When crime comes for Congress, it funds the police
Congress can’t solve the nation’s problems, but its members know what to do when the “defund the police” movement endangers their own personal safety.
Crime in Washington, D.C., has gotten so bad that the Committee on House Administration held a hearing on “Safety on Capitol Hill” last month. It heard a number of alarming statistics.
“Crime stats in the district closing out 2023 are absolutely staggering,” Greggory Pemberton, chairman of the D.C. Police Union, testified. “Homicides have reached 274, a 35 percent increase, carjackings reached 958, a 105 percent increase, robberies were up 67 percent, violent crime overall went up 39 percent, and all crimes went up 26 percent.”
Members of Congress and their employees aren’t immune to the violence that surrounds them. Last year, a man assaulted Rep. Angie Craig, D-Minn., in the elevator of her Washington apartment building. She escaped after throwing hot coffee on him. Armed assailants hijacked Rep. Henry Cuellar, D-Texas, last October.

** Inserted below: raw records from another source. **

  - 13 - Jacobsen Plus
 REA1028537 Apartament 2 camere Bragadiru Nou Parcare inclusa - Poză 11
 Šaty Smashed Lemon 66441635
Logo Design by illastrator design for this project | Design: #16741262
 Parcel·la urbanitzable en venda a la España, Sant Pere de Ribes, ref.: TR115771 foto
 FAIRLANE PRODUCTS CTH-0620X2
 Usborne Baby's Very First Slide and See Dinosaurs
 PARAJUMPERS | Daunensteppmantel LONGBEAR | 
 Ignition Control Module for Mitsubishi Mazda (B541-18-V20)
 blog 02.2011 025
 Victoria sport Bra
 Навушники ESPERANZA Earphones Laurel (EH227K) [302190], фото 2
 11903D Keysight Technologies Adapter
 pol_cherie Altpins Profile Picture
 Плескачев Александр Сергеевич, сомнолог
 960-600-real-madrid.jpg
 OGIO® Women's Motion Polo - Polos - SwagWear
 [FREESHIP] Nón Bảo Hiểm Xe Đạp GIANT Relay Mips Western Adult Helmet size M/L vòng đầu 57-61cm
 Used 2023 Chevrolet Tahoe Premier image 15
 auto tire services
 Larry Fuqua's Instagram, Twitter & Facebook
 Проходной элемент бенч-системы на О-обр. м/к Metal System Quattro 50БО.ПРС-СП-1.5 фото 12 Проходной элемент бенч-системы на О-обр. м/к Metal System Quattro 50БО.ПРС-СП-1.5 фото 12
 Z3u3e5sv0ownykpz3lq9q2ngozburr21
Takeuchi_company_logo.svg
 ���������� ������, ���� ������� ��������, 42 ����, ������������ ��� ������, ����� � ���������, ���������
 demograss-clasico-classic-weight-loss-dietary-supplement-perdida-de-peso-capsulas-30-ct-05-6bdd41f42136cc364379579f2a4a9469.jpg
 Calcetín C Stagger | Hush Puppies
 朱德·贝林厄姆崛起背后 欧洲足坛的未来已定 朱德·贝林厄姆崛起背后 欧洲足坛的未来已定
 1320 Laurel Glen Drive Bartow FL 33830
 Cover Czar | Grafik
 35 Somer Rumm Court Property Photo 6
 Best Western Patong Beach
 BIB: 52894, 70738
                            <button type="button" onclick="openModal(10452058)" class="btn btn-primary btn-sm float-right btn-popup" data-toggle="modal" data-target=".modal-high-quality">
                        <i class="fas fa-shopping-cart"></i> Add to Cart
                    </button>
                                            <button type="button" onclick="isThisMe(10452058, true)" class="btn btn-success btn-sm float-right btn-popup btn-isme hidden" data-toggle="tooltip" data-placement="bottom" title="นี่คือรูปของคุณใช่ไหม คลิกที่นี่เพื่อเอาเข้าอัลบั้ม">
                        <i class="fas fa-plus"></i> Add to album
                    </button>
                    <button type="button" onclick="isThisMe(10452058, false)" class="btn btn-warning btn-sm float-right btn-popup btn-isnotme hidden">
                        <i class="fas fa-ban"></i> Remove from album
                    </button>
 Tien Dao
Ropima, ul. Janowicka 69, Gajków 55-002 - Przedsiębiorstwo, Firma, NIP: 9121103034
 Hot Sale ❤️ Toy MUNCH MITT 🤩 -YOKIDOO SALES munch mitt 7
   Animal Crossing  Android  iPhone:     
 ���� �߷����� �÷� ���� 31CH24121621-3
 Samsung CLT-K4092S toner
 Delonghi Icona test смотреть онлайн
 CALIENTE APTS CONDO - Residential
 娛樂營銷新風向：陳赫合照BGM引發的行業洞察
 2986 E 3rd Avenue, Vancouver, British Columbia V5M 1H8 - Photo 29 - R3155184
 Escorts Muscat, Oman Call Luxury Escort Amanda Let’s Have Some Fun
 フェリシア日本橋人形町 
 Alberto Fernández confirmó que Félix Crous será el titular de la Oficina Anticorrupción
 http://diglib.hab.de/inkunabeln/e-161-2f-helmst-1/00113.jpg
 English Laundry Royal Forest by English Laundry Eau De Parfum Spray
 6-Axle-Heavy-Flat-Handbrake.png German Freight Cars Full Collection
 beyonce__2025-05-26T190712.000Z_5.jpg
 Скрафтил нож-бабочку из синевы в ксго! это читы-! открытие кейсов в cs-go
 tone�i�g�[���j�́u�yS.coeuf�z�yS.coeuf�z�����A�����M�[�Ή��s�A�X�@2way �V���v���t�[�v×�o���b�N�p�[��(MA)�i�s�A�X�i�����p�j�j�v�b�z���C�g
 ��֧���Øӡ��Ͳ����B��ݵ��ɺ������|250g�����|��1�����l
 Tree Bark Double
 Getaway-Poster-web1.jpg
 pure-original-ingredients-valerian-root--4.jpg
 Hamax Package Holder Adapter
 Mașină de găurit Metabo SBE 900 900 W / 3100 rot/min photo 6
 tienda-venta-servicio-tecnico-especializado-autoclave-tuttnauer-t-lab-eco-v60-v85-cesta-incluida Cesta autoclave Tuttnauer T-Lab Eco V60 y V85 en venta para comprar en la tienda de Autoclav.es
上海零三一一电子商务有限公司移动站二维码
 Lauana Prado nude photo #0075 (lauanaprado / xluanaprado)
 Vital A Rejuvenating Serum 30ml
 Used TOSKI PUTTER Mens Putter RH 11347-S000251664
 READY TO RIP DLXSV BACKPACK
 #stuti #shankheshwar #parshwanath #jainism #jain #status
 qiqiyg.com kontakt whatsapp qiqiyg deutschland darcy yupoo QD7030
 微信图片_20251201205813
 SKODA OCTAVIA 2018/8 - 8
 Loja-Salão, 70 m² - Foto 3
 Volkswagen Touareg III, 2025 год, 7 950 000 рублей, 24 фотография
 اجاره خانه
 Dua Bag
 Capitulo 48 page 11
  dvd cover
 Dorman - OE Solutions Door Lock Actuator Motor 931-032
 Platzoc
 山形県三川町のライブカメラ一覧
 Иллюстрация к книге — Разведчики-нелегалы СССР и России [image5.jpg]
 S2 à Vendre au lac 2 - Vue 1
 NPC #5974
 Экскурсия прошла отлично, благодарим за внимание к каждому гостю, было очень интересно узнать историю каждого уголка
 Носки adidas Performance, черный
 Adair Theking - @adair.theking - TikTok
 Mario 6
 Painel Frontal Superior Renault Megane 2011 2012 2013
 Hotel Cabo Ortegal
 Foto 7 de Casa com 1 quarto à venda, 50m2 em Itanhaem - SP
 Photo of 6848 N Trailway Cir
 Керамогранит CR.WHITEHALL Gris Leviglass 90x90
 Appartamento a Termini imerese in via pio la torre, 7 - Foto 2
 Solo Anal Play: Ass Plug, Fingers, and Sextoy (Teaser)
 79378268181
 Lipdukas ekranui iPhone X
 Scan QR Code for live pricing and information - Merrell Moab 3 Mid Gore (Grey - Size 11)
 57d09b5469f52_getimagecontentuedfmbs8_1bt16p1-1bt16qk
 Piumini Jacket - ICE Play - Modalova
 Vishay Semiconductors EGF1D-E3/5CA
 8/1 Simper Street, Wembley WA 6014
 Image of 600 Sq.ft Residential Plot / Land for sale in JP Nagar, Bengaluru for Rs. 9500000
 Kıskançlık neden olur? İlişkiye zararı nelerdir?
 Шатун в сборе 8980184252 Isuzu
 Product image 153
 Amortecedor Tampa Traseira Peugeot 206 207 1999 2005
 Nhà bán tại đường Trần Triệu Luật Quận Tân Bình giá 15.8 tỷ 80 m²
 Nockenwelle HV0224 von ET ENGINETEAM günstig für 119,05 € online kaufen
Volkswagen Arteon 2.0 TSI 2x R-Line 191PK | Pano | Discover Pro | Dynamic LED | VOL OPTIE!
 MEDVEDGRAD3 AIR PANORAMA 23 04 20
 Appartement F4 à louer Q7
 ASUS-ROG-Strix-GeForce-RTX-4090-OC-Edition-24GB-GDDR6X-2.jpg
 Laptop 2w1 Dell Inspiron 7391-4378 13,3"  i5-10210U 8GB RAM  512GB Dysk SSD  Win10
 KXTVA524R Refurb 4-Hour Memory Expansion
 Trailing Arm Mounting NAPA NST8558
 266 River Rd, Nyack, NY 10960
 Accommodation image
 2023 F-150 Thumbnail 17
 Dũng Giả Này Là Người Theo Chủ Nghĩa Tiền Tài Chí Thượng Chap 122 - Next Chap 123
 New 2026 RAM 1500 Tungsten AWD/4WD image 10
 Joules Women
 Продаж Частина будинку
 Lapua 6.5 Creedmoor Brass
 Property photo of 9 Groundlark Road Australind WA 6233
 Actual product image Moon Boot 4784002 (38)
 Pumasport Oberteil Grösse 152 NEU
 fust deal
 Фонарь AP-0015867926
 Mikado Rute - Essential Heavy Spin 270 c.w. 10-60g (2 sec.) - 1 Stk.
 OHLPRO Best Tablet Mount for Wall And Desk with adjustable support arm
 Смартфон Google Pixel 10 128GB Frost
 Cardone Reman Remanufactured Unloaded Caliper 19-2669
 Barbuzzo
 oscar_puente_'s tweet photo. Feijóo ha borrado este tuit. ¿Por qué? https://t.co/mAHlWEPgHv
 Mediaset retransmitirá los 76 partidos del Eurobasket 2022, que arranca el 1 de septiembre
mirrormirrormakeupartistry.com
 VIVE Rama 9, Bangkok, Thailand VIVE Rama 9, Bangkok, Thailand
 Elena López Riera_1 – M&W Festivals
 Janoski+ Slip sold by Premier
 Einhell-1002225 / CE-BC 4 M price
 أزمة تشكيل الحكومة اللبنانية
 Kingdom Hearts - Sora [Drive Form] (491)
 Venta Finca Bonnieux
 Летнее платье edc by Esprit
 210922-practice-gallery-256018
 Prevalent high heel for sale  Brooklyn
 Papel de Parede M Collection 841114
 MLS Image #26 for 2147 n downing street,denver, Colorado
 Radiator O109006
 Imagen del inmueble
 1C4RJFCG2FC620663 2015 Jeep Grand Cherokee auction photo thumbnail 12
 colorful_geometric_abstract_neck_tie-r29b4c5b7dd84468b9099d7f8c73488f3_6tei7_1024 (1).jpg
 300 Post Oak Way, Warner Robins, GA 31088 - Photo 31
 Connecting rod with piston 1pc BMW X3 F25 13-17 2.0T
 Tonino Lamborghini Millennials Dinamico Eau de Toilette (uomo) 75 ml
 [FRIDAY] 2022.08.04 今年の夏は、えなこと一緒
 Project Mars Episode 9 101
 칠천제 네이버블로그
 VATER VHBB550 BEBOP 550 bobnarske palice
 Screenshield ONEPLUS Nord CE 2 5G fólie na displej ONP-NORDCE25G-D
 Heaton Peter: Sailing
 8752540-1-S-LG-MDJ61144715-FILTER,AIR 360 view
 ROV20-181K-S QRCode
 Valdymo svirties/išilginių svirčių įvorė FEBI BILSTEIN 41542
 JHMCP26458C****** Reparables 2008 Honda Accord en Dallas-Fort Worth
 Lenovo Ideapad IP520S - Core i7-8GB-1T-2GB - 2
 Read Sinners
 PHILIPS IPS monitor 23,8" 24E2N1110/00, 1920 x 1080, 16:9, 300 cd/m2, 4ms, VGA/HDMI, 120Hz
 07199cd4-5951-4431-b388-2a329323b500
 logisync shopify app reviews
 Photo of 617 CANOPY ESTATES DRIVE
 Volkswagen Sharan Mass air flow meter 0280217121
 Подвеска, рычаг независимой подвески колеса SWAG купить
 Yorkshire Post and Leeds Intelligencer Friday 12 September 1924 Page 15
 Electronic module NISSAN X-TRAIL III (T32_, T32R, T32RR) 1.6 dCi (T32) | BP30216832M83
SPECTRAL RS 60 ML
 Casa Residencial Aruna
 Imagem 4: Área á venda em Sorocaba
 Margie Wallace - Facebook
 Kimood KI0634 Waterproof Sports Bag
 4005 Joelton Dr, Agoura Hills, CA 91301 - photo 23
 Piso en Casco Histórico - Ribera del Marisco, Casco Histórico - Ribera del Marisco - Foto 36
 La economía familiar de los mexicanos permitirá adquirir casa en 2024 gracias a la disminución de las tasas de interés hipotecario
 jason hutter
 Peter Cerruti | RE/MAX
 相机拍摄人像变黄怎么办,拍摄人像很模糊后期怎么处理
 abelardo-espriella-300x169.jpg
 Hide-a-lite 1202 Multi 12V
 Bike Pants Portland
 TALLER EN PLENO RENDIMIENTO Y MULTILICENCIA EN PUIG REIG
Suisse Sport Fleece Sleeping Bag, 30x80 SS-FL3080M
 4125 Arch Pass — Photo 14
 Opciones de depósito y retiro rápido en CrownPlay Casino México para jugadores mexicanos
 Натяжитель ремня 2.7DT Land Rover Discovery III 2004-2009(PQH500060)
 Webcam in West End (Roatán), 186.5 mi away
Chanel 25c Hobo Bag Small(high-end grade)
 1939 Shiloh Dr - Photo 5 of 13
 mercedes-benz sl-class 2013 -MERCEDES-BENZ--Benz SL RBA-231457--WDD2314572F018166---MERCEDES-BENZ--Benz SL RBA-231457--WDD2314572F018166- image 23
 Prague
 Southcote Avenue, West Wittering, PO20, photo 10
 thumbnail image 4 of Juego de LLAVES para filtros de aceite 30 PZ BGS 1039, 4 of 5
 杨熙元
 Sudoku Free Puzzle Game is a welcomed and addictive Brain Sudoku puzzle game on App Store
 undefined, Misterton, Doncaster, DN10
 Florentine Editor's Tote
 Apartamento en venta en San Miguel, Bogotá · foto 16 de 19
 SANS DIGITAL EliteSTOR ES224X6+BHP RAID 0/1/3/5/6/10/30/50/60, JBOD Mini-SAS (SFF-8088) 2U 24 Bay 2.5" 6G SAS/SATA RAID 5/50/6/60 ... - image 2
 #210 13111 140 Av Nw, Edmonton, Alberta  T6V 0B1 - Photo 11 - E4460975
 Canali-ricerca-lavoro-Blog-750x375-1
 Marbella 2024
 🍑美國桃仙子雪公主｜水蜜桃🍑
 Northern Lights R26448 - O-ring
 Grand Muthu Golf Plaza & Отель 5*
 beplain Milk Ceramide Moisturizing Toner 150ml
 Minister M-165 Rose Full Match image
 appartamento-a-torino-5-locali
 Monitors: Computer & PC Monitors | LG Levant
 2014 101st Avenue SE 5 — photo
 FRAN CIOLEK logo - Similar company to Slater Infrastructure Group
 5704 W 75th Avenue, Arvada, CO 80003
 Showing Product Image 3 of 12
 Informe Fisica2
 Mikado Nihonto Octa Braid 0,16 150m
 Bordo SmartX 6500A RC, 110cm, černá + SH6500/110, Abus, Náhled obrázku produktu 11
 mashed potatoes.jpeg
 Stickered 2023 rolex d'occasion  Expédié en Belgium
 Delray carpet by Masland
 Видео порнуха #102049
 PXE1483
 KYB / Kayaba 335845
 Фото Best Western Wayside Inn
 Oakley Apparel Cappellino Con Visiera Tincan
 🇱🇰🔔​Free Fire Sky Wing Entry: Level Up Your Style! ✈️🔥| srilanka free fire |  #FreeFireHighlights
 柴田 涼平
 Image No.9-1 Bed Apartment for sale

Staffers aren’t as high-profile, but they’ve faced physical threats, too. Last June, two armed assailants attacked a staffer for Rep. Brad Finstad, R-Minn., after the congressional baseball game.
It isn’t hard to figure out what has caused the crime surge. The D.C. City Council, dominated by progressive radicals, has embraced the “defund the police” movement.
“Beginning in June of 2020, the D.C. Council began introducing anti-police legislation designed, in their own words, to ‘act accordingly to bend the arc of justice,’ ” Mr. Pemberton said. He continued, “The rhetoric that council members use when speaking publicly about law enforcement amounts to nothing short of virulent attacks on all police officers in the district.”
Some of this may be union posturing, but the facts are the facts. Unsurprisingly, the D.C. police force has lost more than 1,400 officers since 2020. It currently has more than 500 vacancies, which is projected to take a decade to fill. Mr. Pemberton called the council’s efforts an “abject failure.”
It’s worth noting how congressional Democrats react to dangerous “defund the police” policies when they affected them personally. They’ve beefed up their own police force.
In his testimony, Capitol Police Chief J. Thomas Manger thanked Congress “for providing us with the necessary funding” to reimburse police agencies that help it protect members and staff. Capitol Police are also building a new command center to help keep members of Congress safe. Last year, the Democrat-run Senate even passed a Republican bill overriding a D.C.-passed bill reducing criminal penalties.
If only average citizens facing higher crime and neighborhood deterioration from “defund the police” stupidity had these options.